The buy now, pay later trend may have come under scrutiny lately by regulators, but companies enabling BNPL warn sellers and payments providers risk losing merchant volume and younger consumers if they don’t offer the installment option online and at the point of sale.
“You’ll see volume attrition without merchant attrition, and you’ll see it at the highest ticket sizes,” warned Eric Lookhoff, chief executive of BNPL platform QuickFee Ltd. On the spender side of the transaction, younger consumers aren’t signing up for conventional credit cards as much as their parents did, some observers say. “The point of BNPL is to attract Gen Z,” said Ashley Korody, a vice president at ChargeAfter Inc., a 5-year-old BNPL company based in New York City.
Similarly, Mastercard Inc. has beefed up its capabilities in open banking in recent months to help support Mastercard Installments, its entry in supporting point-of-sale credit. “The motivation is to satisfy consumer demand,” said Silvana Hernandez, a senior vice president at Mastercard, adding that “payments is not just cards.”
All three spoke late last week during a panel discussion on BNPL hosted by the Northeast Acquirers at the trade group’s annual conference in Philadelphia.

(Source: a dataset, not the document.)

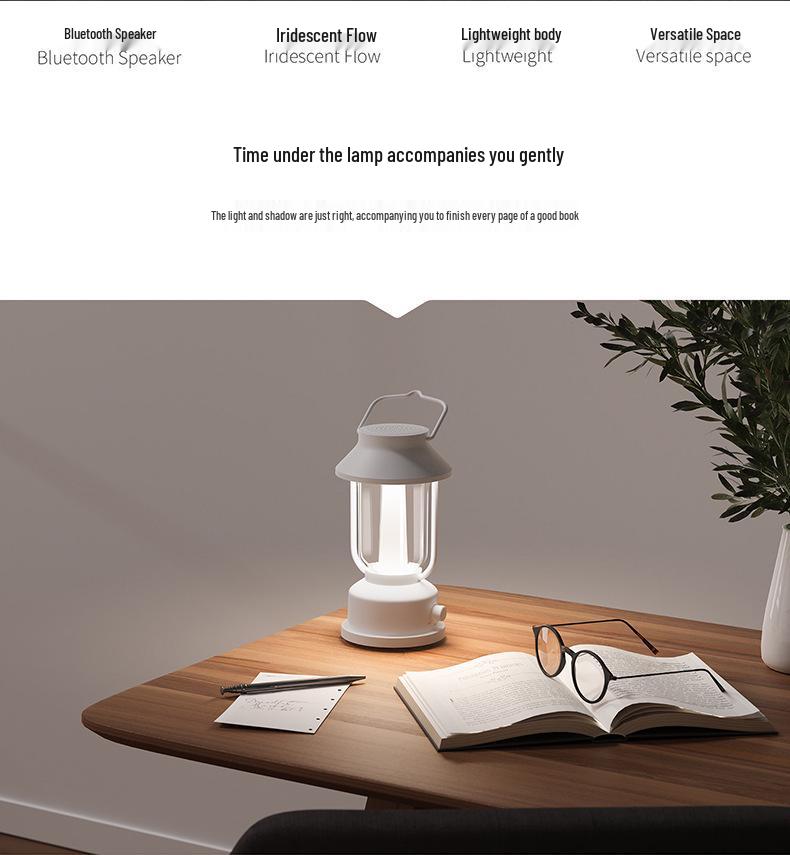 Colorful Atmosphere Night Light: 2025 Rechargeable Lantern for Bedroom or Study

Mastercard, indeed, is convinced consumer demand is rising for use of BNPL at a wider array of merchants. “Trust and peace of mind is critical” for consumers, she cautioned, explaining why Mastercard is offering zero liability for fraud and a smooth process for disputing transactions. To support Mastercard Installments, the network is relying on its 2020 acquisition of Finicity Corp. , an open-banking firm that can verify consumer account ownership and balances. “You can make better underwriting decisions, which is critical with BNPL,” Hernandez said.
Mastercard is “getting ready to enable Installments in the U.S. market,” she said, adding the network is “working though acquirers” to manage the service.
To reach smaller merchants, QuickFee has “thinned down” the technology required to support BNPL, Lookhoff said, basing transactions on QR-code systems. “There’s nothing to download,” he told the audience. At the same time, the company is working with independent sales organizations to sell the service. “There’s a fat yield on it” for ISOs, he said.
The shadow of government scrutiny hangs over the business, however, as the Consumer Financial Protection Bureau is reviewing filings it received last month from a handful of major BNPL providers. The regulator is concerned chiefly with the extent of debt accumulation, how consumer data is being handled, and the potential for regulatory arbitrage, or possible efforts by BNPL firms to avoid disclosure rules by limiting the number of required installments.